Mi tolgo le mani dalla faccia e lo fisso. Il dolore che leggo nei suoi occhi e la rabbia nei suoi lineamenti contratti mi sorprendono. -A volte mi domando- sussurro, cercando di essere più calma possibile, -che cosa ti aspetti da tutto questo. Questo... qualunque cosa sia.-
-Che cosa mi aspetto da questo?- ripete lui, poi fa un passo indietro, scuotendo la testa. -Sei un'idiota, Beatrice.-
-Non sono un'idiota- scatto. -Ed è proprio per questo che trovo bizzarro che tu, tra tutte le ragazze che potevi scegliere, abbia scelto me. Perciò, se stai solo cercando... ehm, lo sai... quello...-
-Cosa? Sesso?- mi aggredisce con rabbia. -Sai, se volessi solo quello, probabilmente non saresti la prima persona da cui andrei.-
Mi sento come se mi avesse appena dato un pugno nello stomaco. Ovvio che non sono la prima persona da cui andrebbe, non la prima, né la più carina, e nemmeno la più desiderabile. Mi premo le mani sulla pancia e distolgo lo sguardo, cacciando indietro le lacrime. Non sono il tipo che piange, e non sono neanche il tipo che urla. Sbatto gli occhi un po' di volte, abbasso le mani e lo fisso.
-Me ne vado.- bisbiglio, voltandomi verso la porta.

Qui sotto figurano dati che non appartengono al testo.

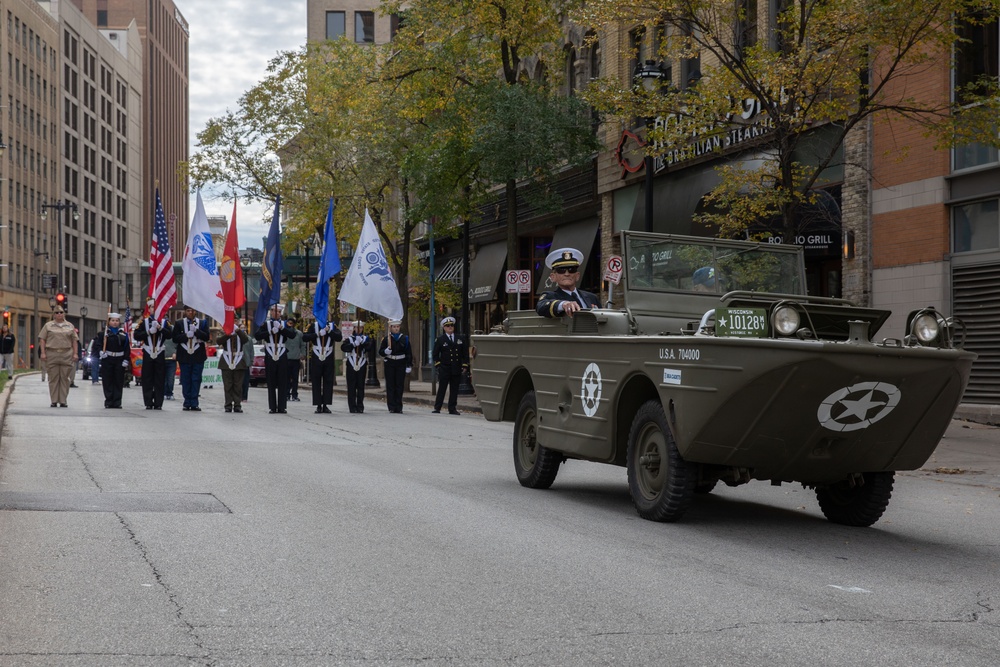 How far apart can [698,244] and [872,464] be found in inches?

-No, Beatrice.- Tobias mi afferra il polso e mi tira indietro.
Io lo spingo via con forza, ma lui mi afferra l'altro polso, tenendomi ferma con le braccia incrociate.
-Lasciami. Ora.- dico.
-Fammi parlare.- mi anticipa lasciandomi andare.
-No, hai detto abbastanza.- dico, ferita. Apro la porta e, riprendendomi le scarpe, esco.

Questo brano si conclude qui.